====== DATA LISTING ======
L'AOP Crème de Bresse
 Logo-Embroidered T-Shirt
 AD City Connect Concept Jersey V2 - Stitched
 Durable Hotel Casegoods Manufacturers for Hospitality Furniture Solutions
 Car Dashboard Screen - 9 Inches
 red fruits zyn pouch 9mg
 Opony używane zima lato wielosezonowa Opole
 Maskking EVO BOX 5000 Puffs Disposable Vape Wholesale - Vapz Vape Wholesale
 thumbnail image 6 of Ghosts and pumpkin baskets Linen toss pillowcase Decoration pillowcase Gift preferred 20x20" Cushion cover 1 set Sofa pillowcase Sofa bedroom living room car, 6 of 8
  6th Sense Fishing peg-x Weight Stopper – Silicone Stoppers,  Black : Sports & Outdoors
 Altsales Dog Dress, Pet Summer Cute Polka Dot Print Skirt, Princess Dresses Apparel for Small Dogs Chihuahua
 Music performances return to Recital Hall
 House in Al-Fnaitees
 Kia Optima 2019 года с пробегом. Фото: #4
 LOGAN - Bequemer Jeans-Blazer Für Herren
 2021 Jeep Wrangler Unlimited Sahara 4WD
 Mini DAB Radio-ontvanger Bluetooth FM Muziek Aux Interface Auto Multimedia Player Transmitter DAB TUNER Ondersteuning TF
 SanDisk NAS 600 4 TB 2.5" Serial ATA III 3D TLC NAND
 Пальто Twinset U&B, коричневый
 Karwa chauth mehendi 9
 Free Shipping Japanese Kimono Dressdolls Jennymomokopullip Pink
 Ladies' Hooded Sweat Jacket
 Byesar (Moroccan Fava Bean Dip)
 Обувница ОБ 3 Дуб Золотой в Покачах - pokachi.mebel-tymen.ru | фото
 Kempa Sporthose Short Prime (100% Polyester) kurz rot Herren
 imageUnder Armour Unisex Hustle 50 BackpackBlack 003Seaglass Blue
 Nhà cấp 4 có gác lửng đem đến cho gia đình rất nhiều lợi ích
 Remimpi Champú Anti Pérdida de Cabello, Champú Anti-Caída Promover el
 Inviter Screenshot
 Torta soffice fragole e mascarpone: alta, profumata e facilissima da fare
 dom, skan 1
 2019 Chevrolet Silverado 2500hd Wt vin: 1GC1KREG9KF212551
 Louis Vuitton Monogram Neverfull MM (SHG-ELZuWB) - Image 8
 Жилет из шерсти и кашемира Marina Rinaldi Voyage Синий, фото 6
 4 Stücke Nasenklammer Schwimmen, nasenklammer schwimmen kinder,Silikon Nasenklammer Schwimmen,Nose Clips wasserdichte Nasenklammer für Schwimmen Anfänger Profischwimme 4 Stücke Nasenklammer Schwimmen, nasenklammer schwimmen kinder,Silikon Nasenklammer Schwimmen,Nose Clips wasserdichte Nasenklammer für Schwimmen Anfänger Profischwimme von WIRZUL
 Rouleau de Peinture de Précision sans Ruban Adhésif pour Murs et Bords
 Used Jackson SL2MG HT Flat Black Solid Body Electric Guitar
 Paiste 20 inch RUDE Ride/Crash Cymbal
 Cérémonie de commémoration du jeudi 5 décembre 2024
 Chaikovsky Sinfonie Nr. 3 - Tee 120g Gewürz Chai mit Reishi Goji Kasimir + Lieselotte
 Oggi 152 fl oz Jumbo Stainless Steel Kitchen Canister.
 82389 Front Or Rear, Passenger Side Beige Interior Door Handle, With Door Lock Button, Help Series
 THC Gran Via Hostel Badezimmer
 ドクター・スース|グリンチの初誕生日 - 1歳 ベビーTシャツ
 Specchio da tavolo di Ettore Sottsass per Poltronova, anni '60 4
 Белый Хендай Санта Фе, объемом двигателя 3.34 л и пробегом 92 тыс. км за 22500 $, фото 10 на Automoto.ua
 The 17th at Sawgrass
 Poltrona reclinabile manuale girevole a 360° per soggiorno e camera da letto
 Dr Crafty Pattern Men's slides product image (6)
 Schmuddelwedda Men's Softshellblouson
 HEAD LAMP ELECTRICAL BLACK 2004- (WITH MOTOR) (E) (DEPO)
======
ABOUT THIS EXERCISE
Search the listing above for the string "пробегом" and return each line it appears on.

RESPONSE AREA
 Kia Optima 2019 года с пробегом. Фото: #4
 Белый Хендай Санта Фе, объемом двигателя 3.34 л и пробегом 92 тыс. км за 22500 $, фото 10 на Automoto.ua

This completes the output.